• **Data records**:
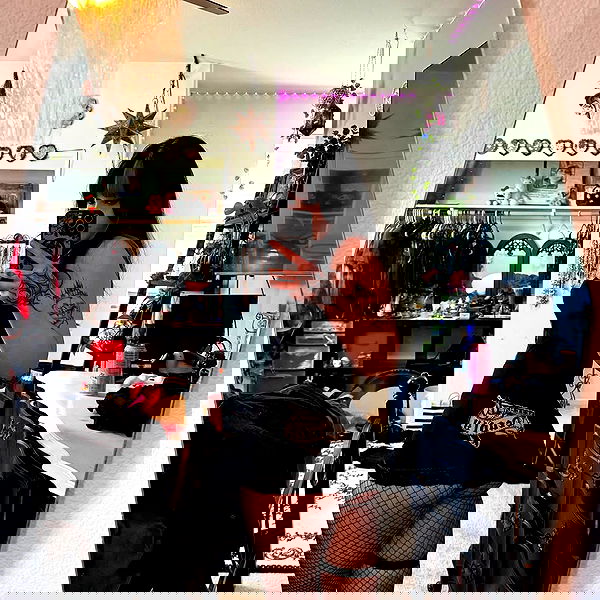 vamppyrbaby vamppyrbaby archive image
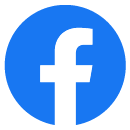 Facebook - DB Builders Butte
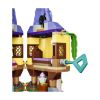 Picture of LEGO  Disney Princess: Rapunzel’s Mini Tower (43294)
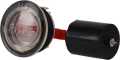 nr23-1.png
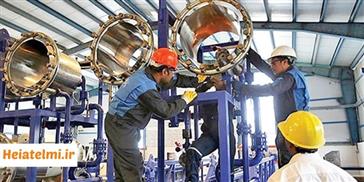 حمایت مالی از پژوهشگران پسادکتری در پروژه‌های فناورانه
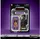 Hasbro Star Wars The Vintage Collection General Hera Syndulla Actionfigur 10 cm - Braun/Grün/Orange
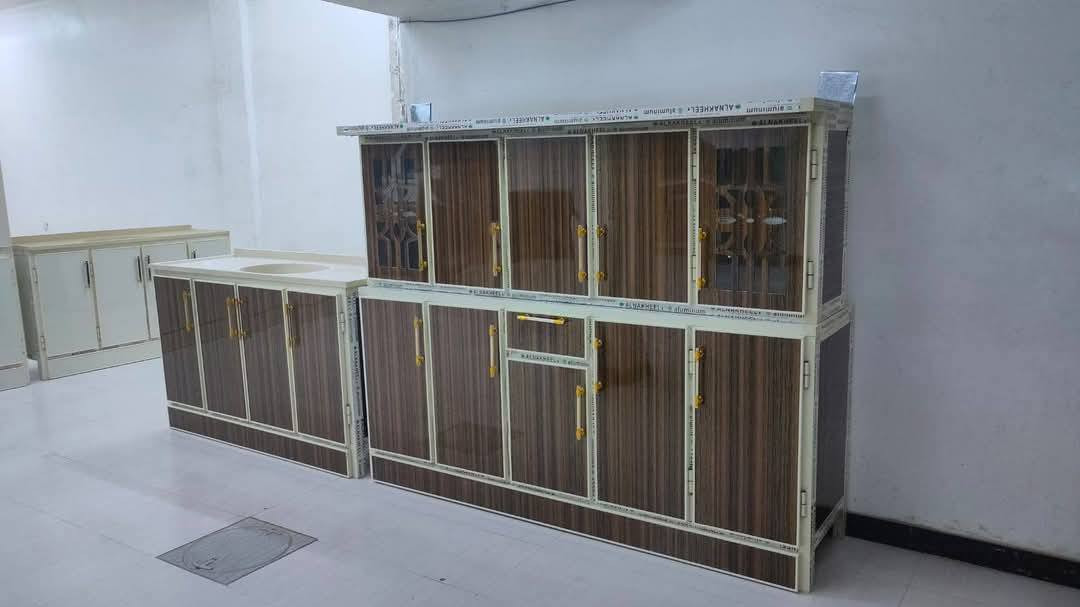 صيانه موقعيه  تبديل اللون مع صيانه عامه للاتصال *********** ميسان
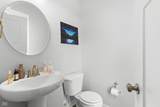 4541 Pennsy Way - Photo 20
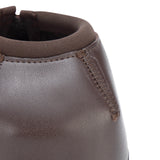 Shires ARMA Anatomic Over Reach Boots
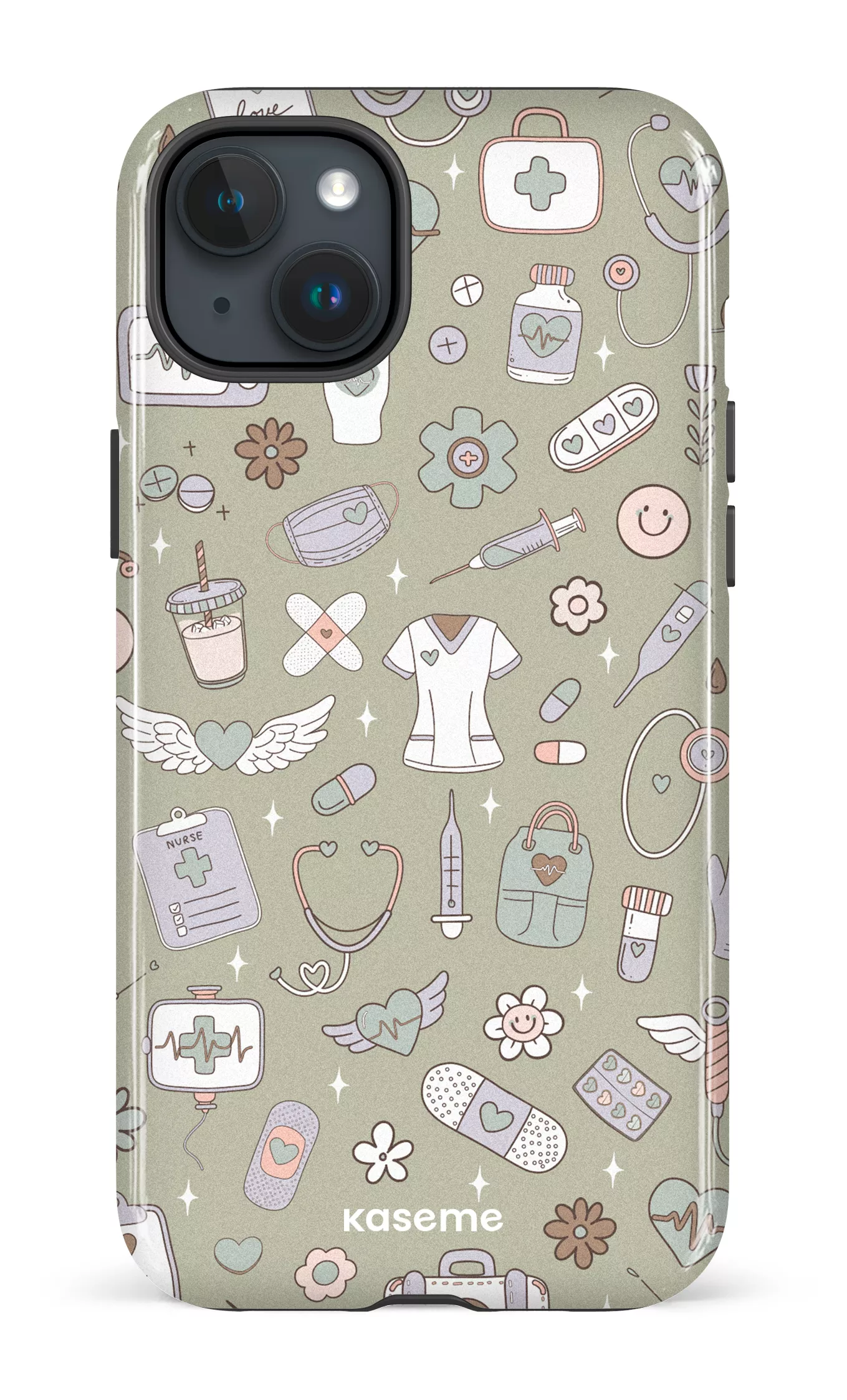 Product image 108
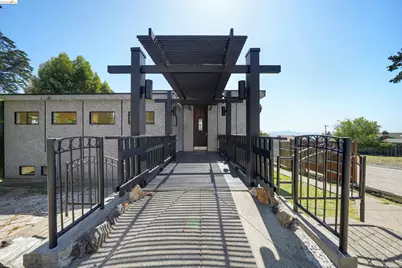 921 Clark Place, El Cerrito, CA 94530 - Photo 1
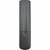 Пульт для SONY  RM 873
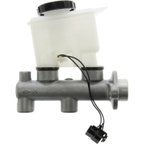 Centric 130.61058 Brake Master Cylinder - view 3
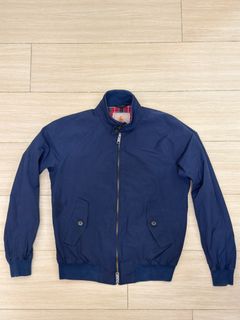 （分類：）位於 。 由 sosan0913 提交（商品編號 1406029216，圖片 1）。簡介： 。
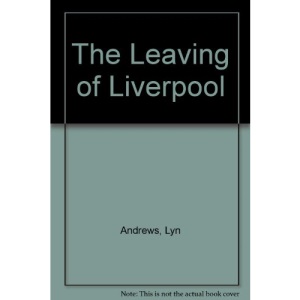 The Leaving of Liverpool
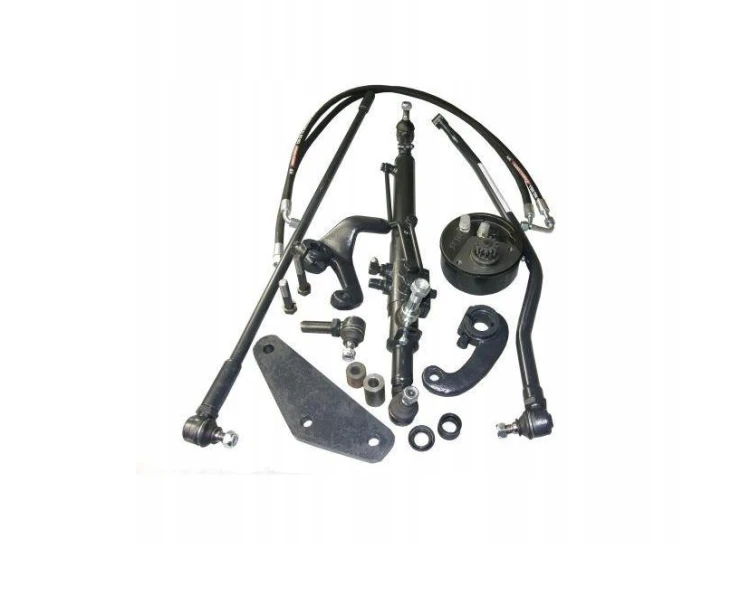 Wspomaganie układu kierowniczego Massey Ferguson MF4 WSPOMAGANIEMF4.png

• **WHAT THE EXERCISE ASKS**: Copy out exactly the lines that begin at the line with "Пульт для SONY" and end at the final line of the entries above. Leave out the pictures.

• **OUTPUT FOR THIS TASK**:
 Пульт для SONY  RM 873
 Centric 130.61058 Brake Master Cylinder - view 3
 （分類：）位於 。 由 sosan0913 提交（商品編號 1406029216，圖片 1）。簡介： 。
 The Leaving of Liverpool
 Wspomaganie układu kierowniczego Massey Ferguson MF4 WSPOMAGANIEMF4.png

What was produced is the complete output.